DIRECTIONS FOR THIS TASK =>
Only the lines from the one that contains "A closeup drawing" to the last line below, both included, should be transcribed. Pictures stay out of the copy.

DATASET EXTRACT =>
• • •

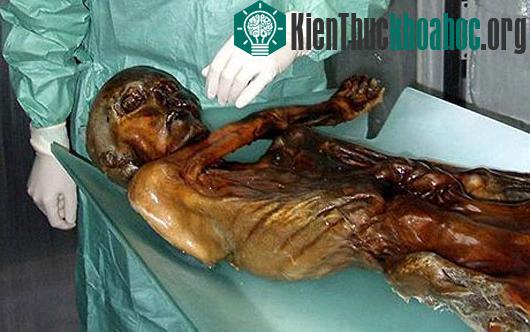 Xác ướp người băng Otzi.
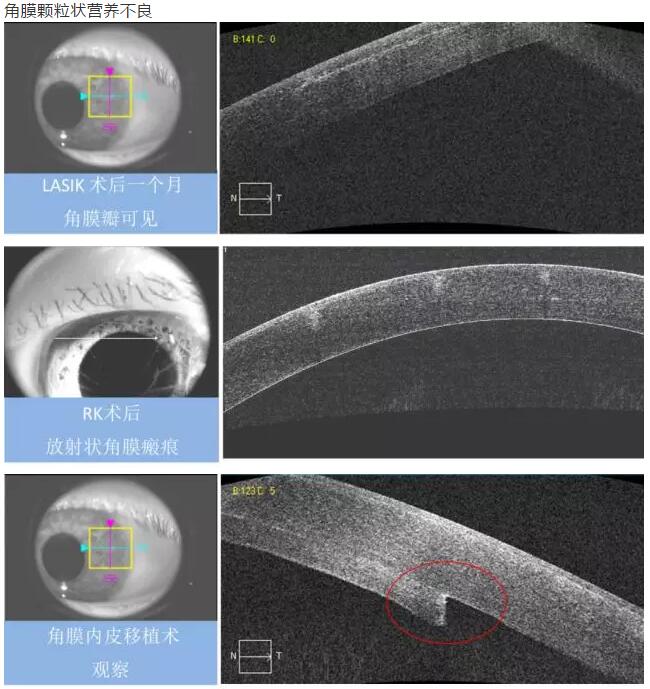 牛八体育课堂:后节频域OCT前节模块的运用11.jpg 牛八体育课堂:后节频域OCT前节模块的运用11.jpg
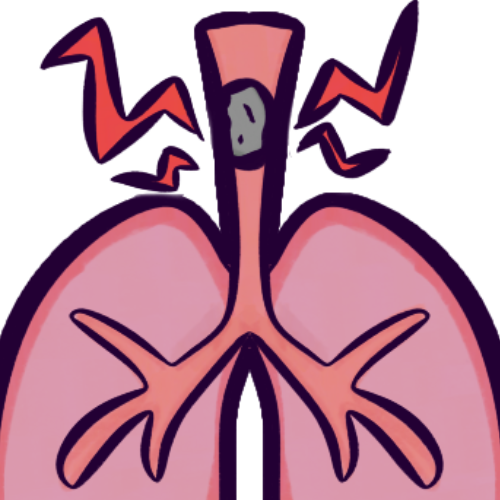 A closeup drawing of a simplified, cartoony pair of lungs, with a generic grey object lodged in the trachea. Spiky red lines emphasize the object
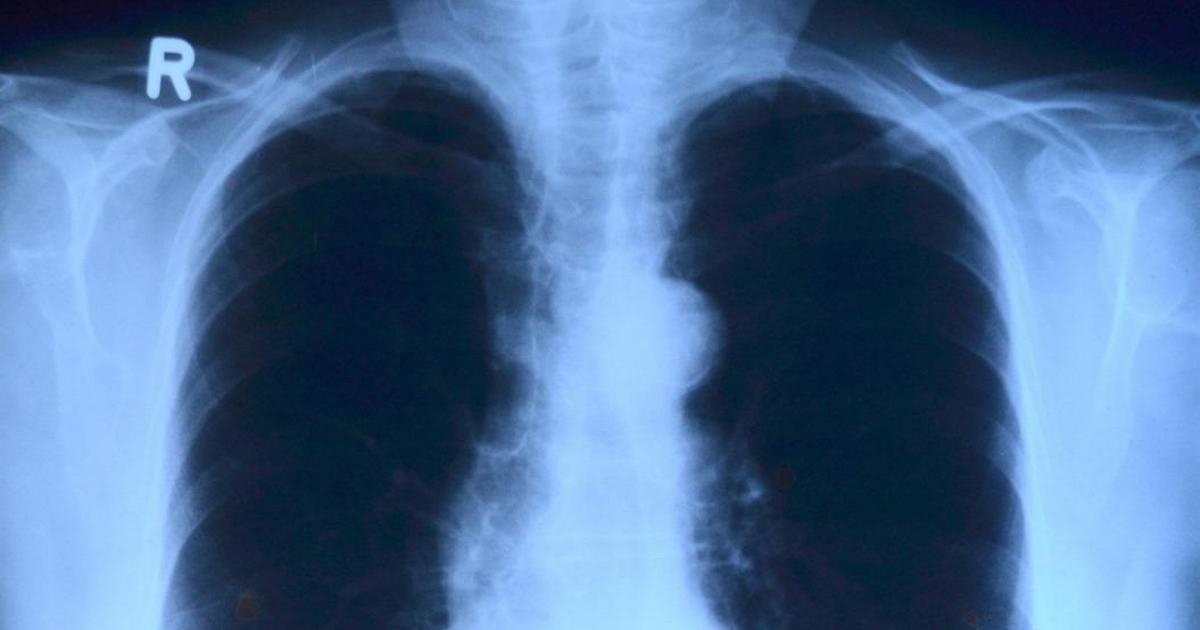 Tumore, Alarmglocken läuten: Bis 2050 wird die Zahl der Krebstoten auf über 18 Millionen steigen, ein Anstieg um 75 %.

• • •

RESULT =>
 A closeup drawing of a simplified, cartoony pair of lungs, with a generic grey object lodged in the trachea. Spiky red lines emphasize the object
 Tumore, Alarmglocken läuten: Bis 2050 wird die Zahl der Krebstoten auf über 18 Millionen steigen, ein Anstieg um 75 %.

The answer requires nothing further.